Brief:
In the records below, the relevant part opens with the line containing "We didn't know" and closes with the line containing "Next we prepare"; print that part exactly and only, without its pictures.

Data supplied:

_ _ _

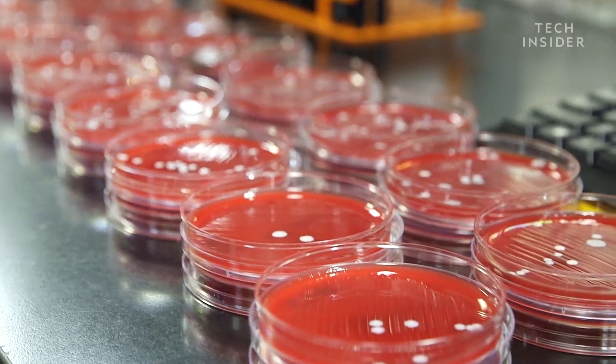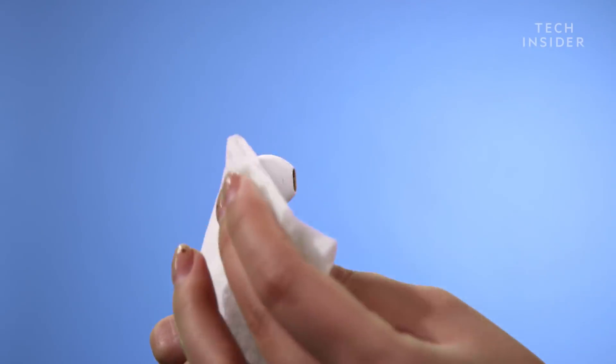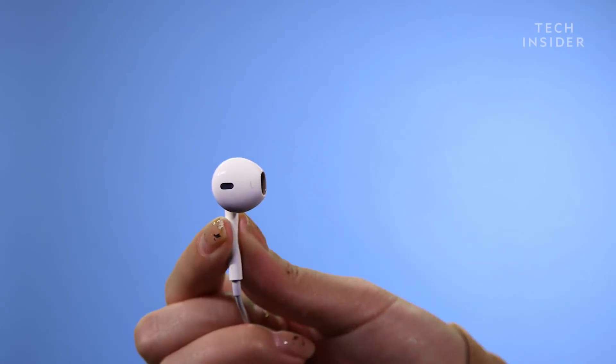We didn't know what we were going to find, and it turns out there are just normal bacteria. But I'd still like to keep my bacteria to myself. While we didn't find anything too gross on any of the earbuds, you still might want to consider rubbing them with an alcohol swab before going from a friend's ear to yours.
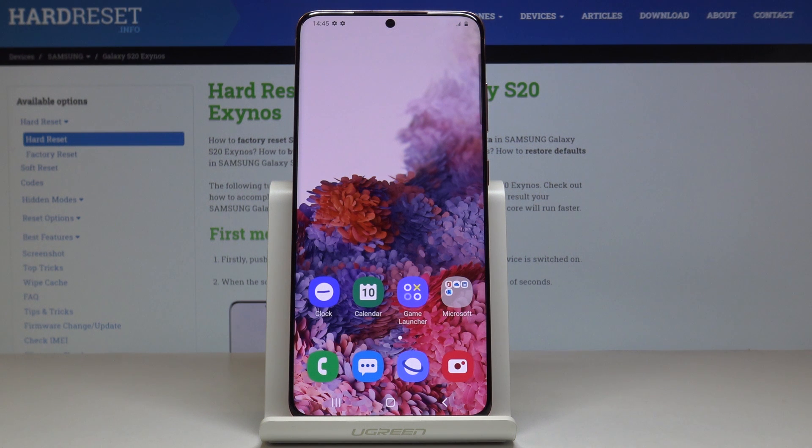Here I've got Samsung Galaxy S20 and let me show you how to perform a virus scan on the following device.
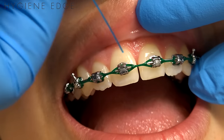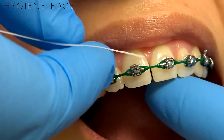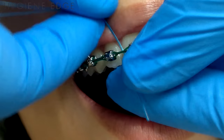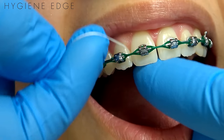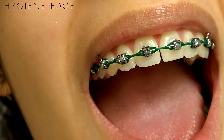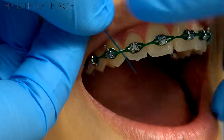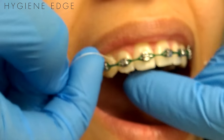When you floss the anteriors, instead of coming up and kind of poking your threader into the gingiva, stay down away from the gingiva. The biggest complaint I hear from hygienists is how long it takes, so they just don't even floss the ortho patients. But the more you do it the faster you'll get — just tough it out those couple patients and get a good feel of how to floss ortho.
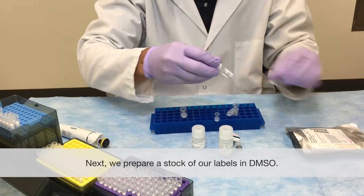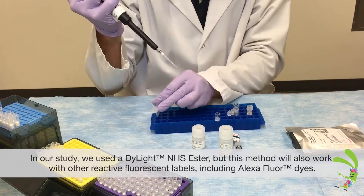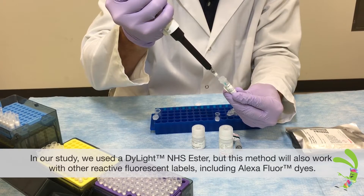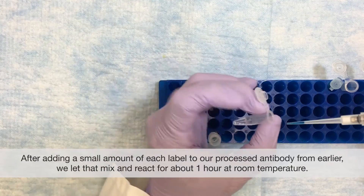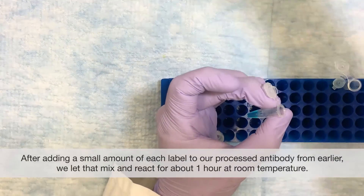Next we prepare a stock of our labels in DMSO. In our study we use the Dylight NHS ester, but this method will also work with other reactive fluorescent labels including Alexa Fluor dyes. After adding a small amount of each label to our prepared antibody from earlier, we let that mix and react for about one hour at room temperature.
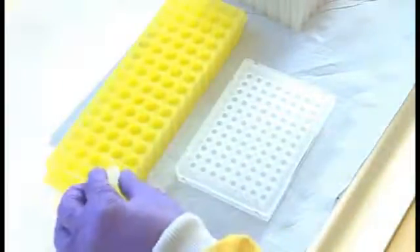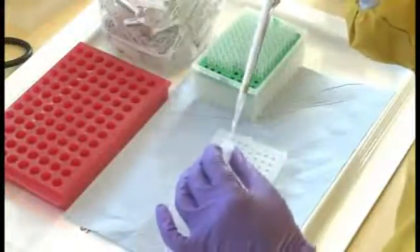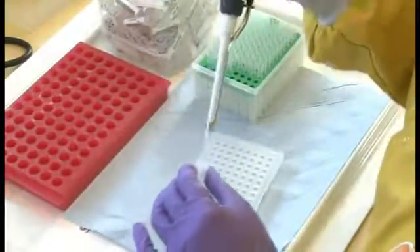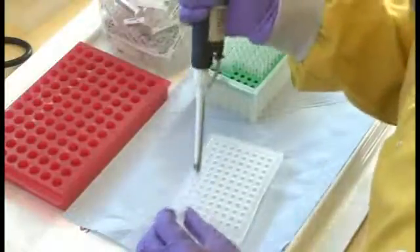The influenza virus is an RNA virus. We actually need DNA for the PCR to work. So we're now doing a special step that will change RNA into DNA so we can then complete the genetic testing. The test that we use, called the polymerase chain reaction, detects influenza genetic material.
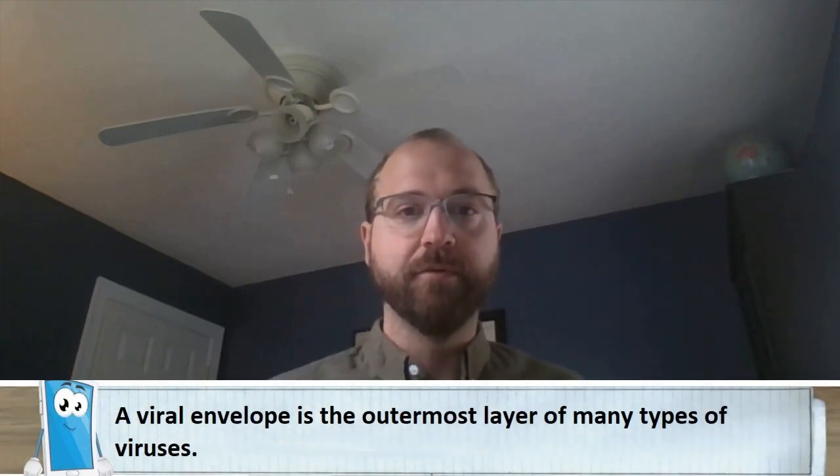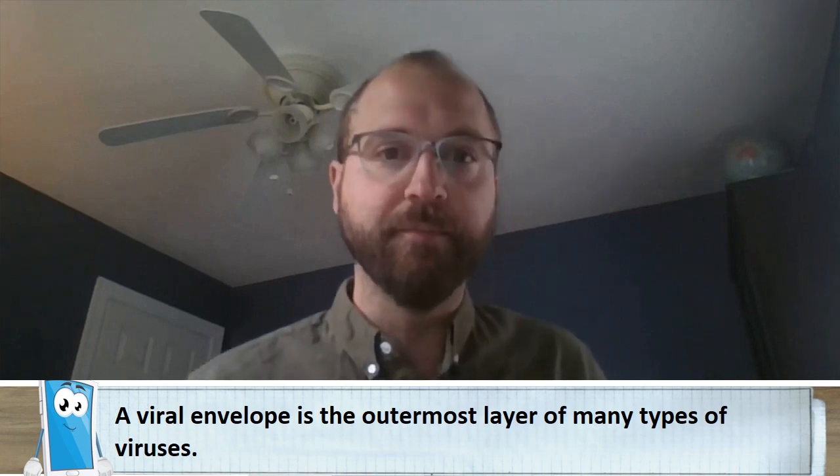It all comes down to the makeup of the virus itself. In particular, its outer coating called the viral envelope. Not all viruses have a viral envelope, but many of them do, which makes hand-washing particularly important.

_ _ _

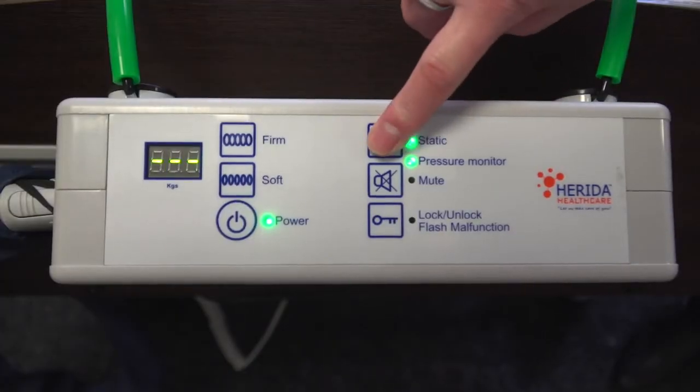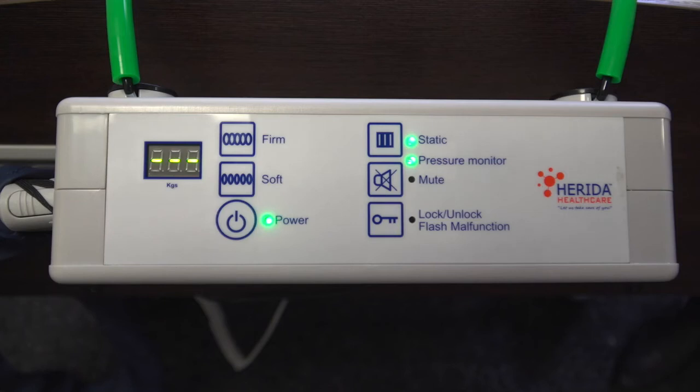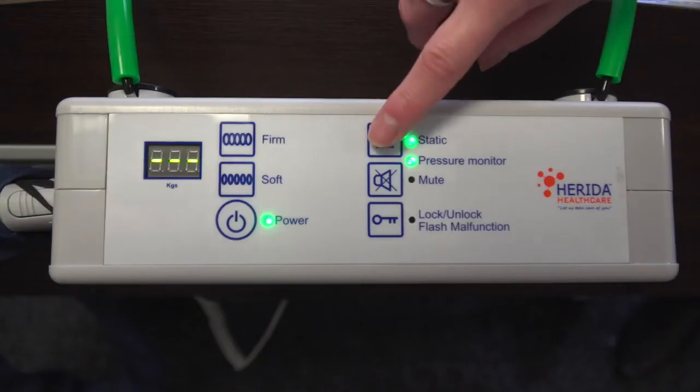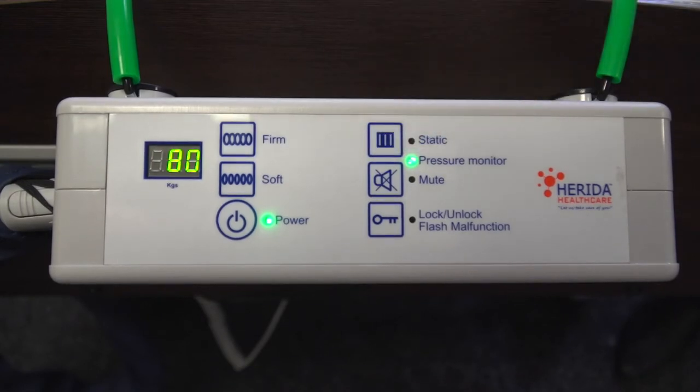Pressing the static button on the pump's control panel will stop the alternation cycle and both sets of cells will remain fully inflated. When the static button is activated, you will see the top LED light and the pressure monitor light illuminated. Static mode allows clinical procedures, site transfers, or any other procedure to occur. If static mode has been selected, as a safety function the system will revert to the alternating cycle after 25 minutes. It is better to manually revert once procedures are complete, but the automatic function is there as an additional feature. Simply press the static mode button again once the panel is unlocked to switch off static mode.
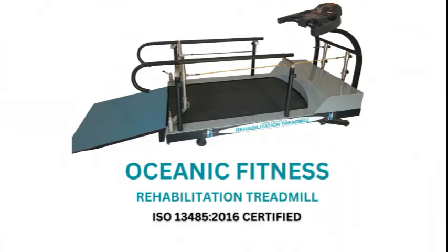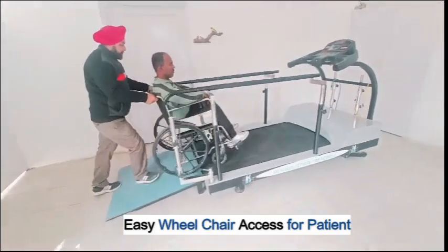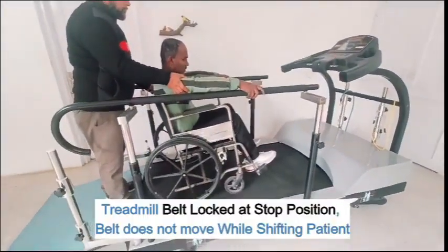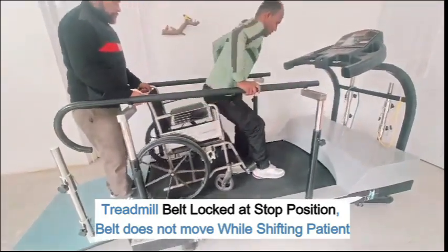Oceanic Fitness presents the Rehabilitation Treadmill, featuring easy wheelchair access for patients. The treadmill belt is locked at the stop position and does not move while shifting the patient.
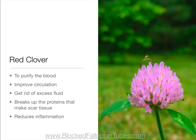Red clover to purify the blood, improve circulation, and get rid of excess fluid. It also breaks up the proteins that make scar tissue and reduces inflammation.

_ _ _

Answer section:
We didn't know what we were going to find, and it turns out there are just normal bacteria. But I'd still like to keep my bacteria to myself. While we didn't find anything too gross on any of the earbuds, you still might want to consider rubbing them with an alcohol swab before going from a friend's ear to yours.
Here I've got Samsung Galaxy S20 and let me show you how to perform a virus scan on the following device.
When you floss the anteriors, instead of coming up and kind of poking your threader into the gingiva, stay down away from the gingiva. The biggest complaint I hear from hygienists is how long it takes, so they just don't even floss the ortho patients. But the more you do it the faster you'll get — just tough it out those couple patients and get a good feel of how to floss ortho.
Next we prepare a stock of our labels in DMSO. In our study we use the Dylight NHS ester, but this method will also work with other reactive fluorescent labels including Alexa Fluor dyes. After adding a small amount of each label to our prepared antibody from earlier, we let that mix and react for about one hour at room temperature.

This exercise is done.